IL 29° KWIBUKA CELEBRATO DALL’ONU A COPENAGHEN. IL DISCORSO SUI GENOCIDI.

di Sergio Bevilacqua (Sociatra Organalitica)

Cari amici, murakaze, grazie a U.N. e agli amici ruandesi per essere qui a U.N. City a Copenhagen. Mi chiamo Sergio Bevilacqua, sono un sociologo clinico, il fondatore della Sociatria Organalitica, la nuova Sociologia del Terzo Millennio.

Ho operato per 50 anni su circa 1000 società umane, aziende economiche, pubbliche amministrazioni, Stati, famiglie, e ogni altro tipo di società umana che si possa immaginare. La Sociologia Organalitica è una sociologia clinica, basata su un metodo di intervento simile a quello della psicoanalisi nel caso degli individui, quindi il meno violento concepibile, e rivolta non agli individui bensì alle società, alle organizzazioni umane.

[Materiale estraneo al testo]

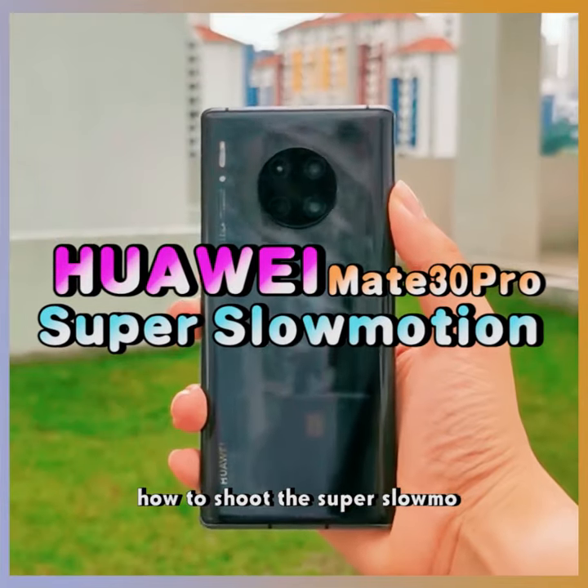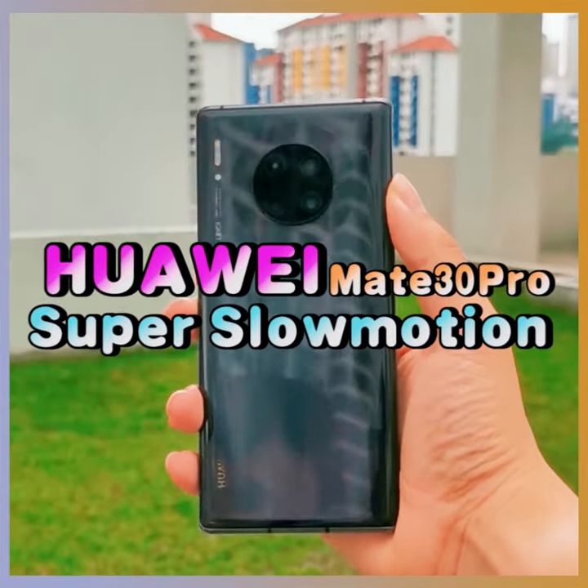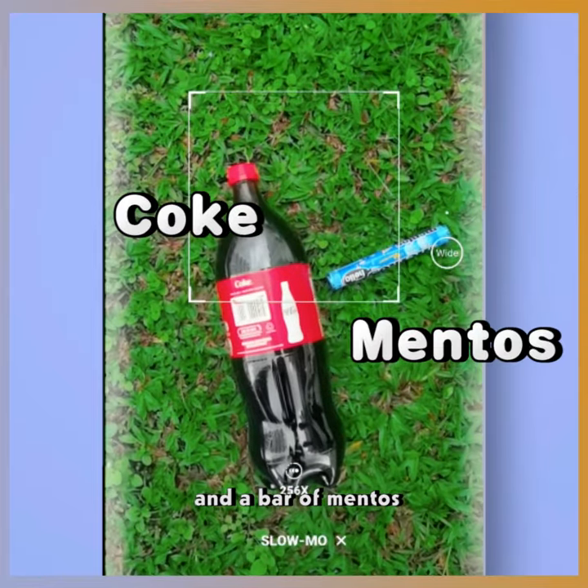Today I'm gonna show you how to shoot the super slow-mo with the Huawei Mate 30 Pro. First, prepare a bottle of Coke and a bar of Mentos.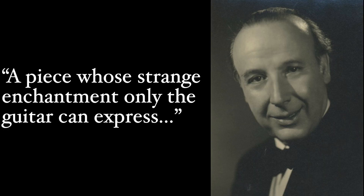The piece was originally titled Improvisación a Granada, Cántica Árabe. A quick quote from guitarist Emilio Pujol about the piece: 'A piece whose strange enchantment only the guitar can express.' So now, as the title says — Recuerdos de la Alhambra, in other words the memory of the Alhambra — the question is: what is the Alhambra?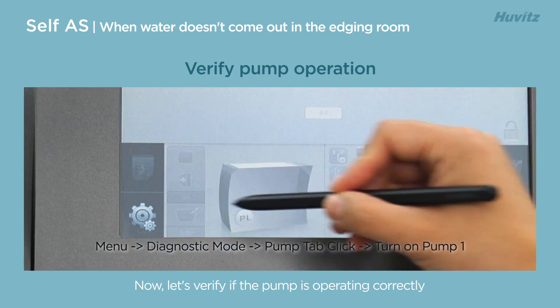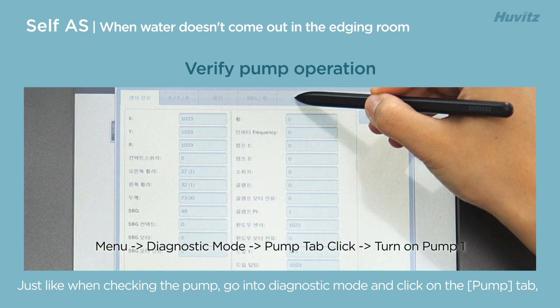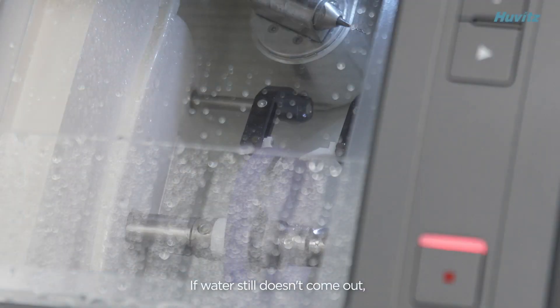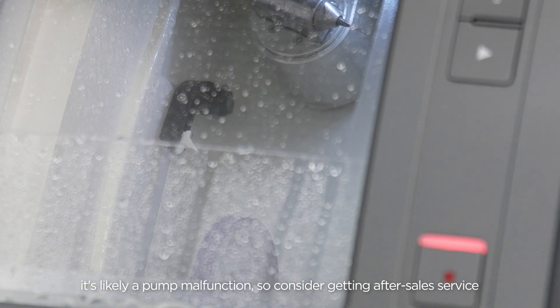Now let's verify if the pump is operating correctly. Just like when checking the pump, go into diagnostic mode and click on the pump tab, then click on pump 1. If water still doesn't come out, it's likely a pump malfunction, so consider getting after-sales service.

Nel 2010 ho organizzato un importante Programma di Sviluppo Integrato tra l’Italia, con il patrocinio del Ministero degli Affari Esteri, e il Ruanda, con il patrocinio del governo del Paese. Ricordando quell’importante programma, sono stato invitato all’ONU a Copenhagen in occasione del 29° Kwibuka per tenere una conferenza su come ho aiutato il Ruanda violentato dal genocidio più sanguinoso (non il più grande…) della storia umana, dove più di un milione di Tutsi sono stati massacrati con i machete dalla follia omicida.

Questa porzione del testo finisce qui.